Ending a deadlock

The Supreme Court’s recent judgement permitting states to levy taxes on mining activities within their respective territories is a breakthrough decision with far-reaching implications. The 8:1 judgment, authored by none other than the Chief Justice of India DY Chandrachud, provides much-needed clarity on the legislative competence of states to impose taxes on mining activities. With the verdict, a longstanding legal ambiguity now comes to an end. Experts view this ruling as reinforcing the principles of fiscal federalism and state sovereignty under the Indian Constitution.
The verdict delineates a crucial distinction between royalties and taxes. While royalties are contractual payments from lessees to lessors for the extraction of minerals, taxes are statutory impositions by the state. It explicitly clarifies that royalties, as outlined under the Mines and Minerals (Development and Regulation) Act, 1957, are not equivalent to taxes. It may be recalled that back in 1989, the court had ruled that states could collect royalties but not impose additional taxes on mining and mineral development. The states can now impose taxes in addition to royalties without overstepping their legislative boundaries.
The Supreme Court ruling is a welcome development for states rich in mineral resources. By affirming their right to impose taxes on mining activities, the apex court has empowered them to generate substantial revenue, which can be crucial for their development. CJI Chandrachud minced no words in saying that state legislatures derive their power to tax mines and quarries under Article 246 of the Indian Constitution, read with Entry 49 of List II (State list) of the Seventh Schedule, which deals with tax on lands and buildings. In contrast, the Entry 54 of List I (Union List) is a general provision conferring the Centre the power to regulate mines and minerals development declared by parliamentary law. It doesn’t entail taxation powers. The apex court categorically held that limitations imposed by Parliament in the MMDR Act did not influence State taxation of mining lands under Entry 49 in the State List. The court also examined Entries 23 and 50 of the State List, which deal with states’ power to regulate mines and mineral development, and the power to impose tax on mineral rights, respectively.
The judgment aligns with the spirit of fiscal federalism, which can also be viewed as a basic feature of the Indian Constitution. Fiscal federalism allows states the autonomy to manage their resources and finances while ensuring a balanced distribution of wealth across the nation. Chief Justice Chandrachud clearly stated that undermining the taxing powers of state legislatures would impede their ability to deliver on welfare schemes and services, which in turn would impact the state of infrastructure, health, education, and R&D.

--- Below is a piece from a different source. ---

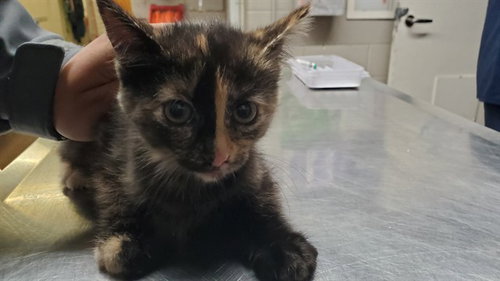*DABINETT, Baby Domestic Short Hair (medium coat), cat for adoption in Tinley Park, Illinois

However, one cannot completely overlook the solitary dissenting note of Justice BV Nagarathna who highlighted concerns about granting states unchecked taxing powers. She cautioned against potential market distortions if mineral-rich states impose exorbitant taxes. While her concerns are valid, the majority opinion’s emphasis on the constitutional benchmarks ensures that state taxation powers remain subject to limitations imposed by Parliament. The upcoming hearing (July 31) on whether the judgment should be applied retrospectively or prospectively will resolve the final uncertainties in the case. If applied retrospectively, states could gain significant revenue from past mining activities.